İş akdinin devamı süresince işçinin işverenle rekabet etmemesi sadakat borcu içinde yer alan bir yükümlülüktür. Buna karşılık, taraflar iş ilişkisi devam ederken sözleşmenin bitiminden sonra işçinin rekabet etmeyeceğine ilişkin bir hükmün iş akdine konulmasını veya bu konuda ayrı bir sözleşme ( rekabet yasağı sözleşmesi ) yapılmasını kararlaştırabilirler. İş akdi sona erdikten sonra işçinin işverenle rekabet etmeme borcu ancak böyle bir yükümlülük sözleşme ile kararlaştırıldığı takdirde söz konusu olmaktadır. ( Prof. Dr. S. Süzek, İş Hukuku, Beta Yayınları, 2005, S:277 ). Hizmet sözleşmesinde işçi, diğer tarafa ( iş sahibine ) nazaran zayıf durumda bulunduğu için, kanun, iş sahibinin haksız menfaatler sağlayarak işçiyi ezmesini önlemek amacıyla hizmet sözleşmesine eklenecek rekabet yasağı hakkındaki hükümleri özel bir şekilde düzenleme gereğini duymuştur. Borçlar Kanunu 348-352 düzenlemesinin getirdiği hükümler, sadece hizmet sözleşmesi zımnında yapılan rekabet yapmama sözleşmelerine uygulanabilirler. ( Prof. Dr. C. Yavuz, Borçlar Hukuku Dersleri-Özel Hükümler, Beta Yayınları, 2006, S:276 ). İşçiyi korumaya yönelik olan bu maddede yazılı olan sınırlamalar, bu durumda öteki sözleşmelere uygulanamazlar. ( Ord. Prof. Dr. H. V. Velidedeoğlu, Türk Borçlar Kanunu Şerhi, Yargıtay Yayınları, 1987, S:561 ). Her hizmet sözleşmesinin mutlaka bir ticari işletmeyi ilgilendireceğini kabul etmek mümkün değildir.
Dolayısıyla esnaf düzeyindeki kişinin yaptığı hizmet sözleşmesinde yer alan rekabet yasağının ihlalinden doğan davanın da bu hüküm gereğince mutlak ticari dava sayılması anlamsızdır. Bu tür bir sözleşmeden doğan uyuşmazlık “öz ticaret hayatına” ilişkin olmadığı gibi çözümü de ayrı bir uzmanlığı gerektirmez ( S. Arkan, Ticari İşletme Hukuku, 9. Baskı, Banka Ve Ticaret Hukuku Araştırma Enstitüsü, 2005, S:94-95 ).
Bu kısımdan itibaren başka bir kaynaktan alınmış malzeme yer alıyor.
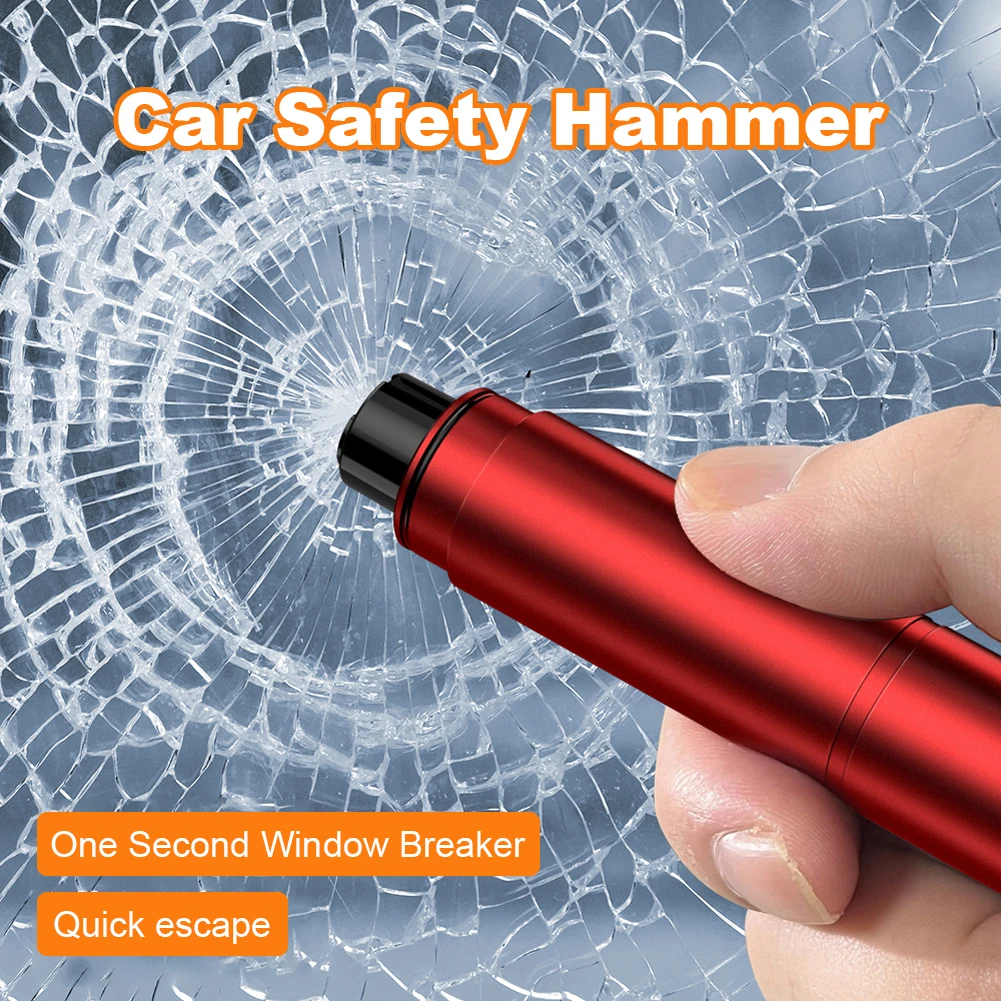 Car Safety Hammer Aluminum Alloy Auto Emergency Glass Window Breaker High Hardness Seat Belt Cutter Life-Saving Car Emergency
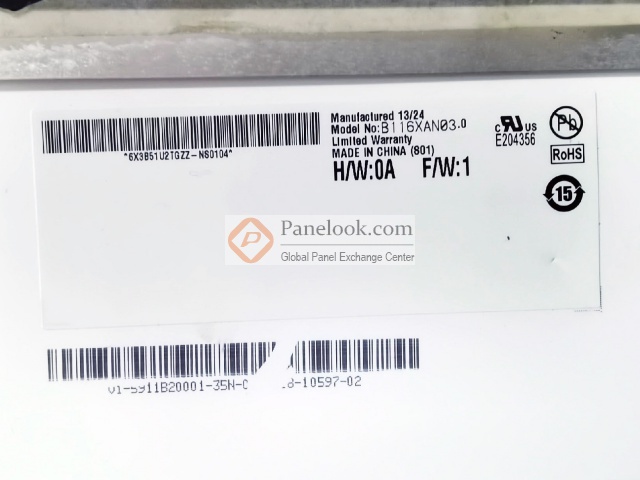 AUO B116XAN03.0 HW0A Overview - Panelook.com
Borçlar Kanununun 348. maddesinde düzenlenen rekabet yasağı asli yükümlülük doğuran bir sözleşme değildir, iş akdine bağlı olarak fer’i nitelikte bir yükümlülük doğurmaktadır. İş ilişkilerinden doğan rekabet yasağının düzenlenmesinin dayanağı iş ilişkisidir.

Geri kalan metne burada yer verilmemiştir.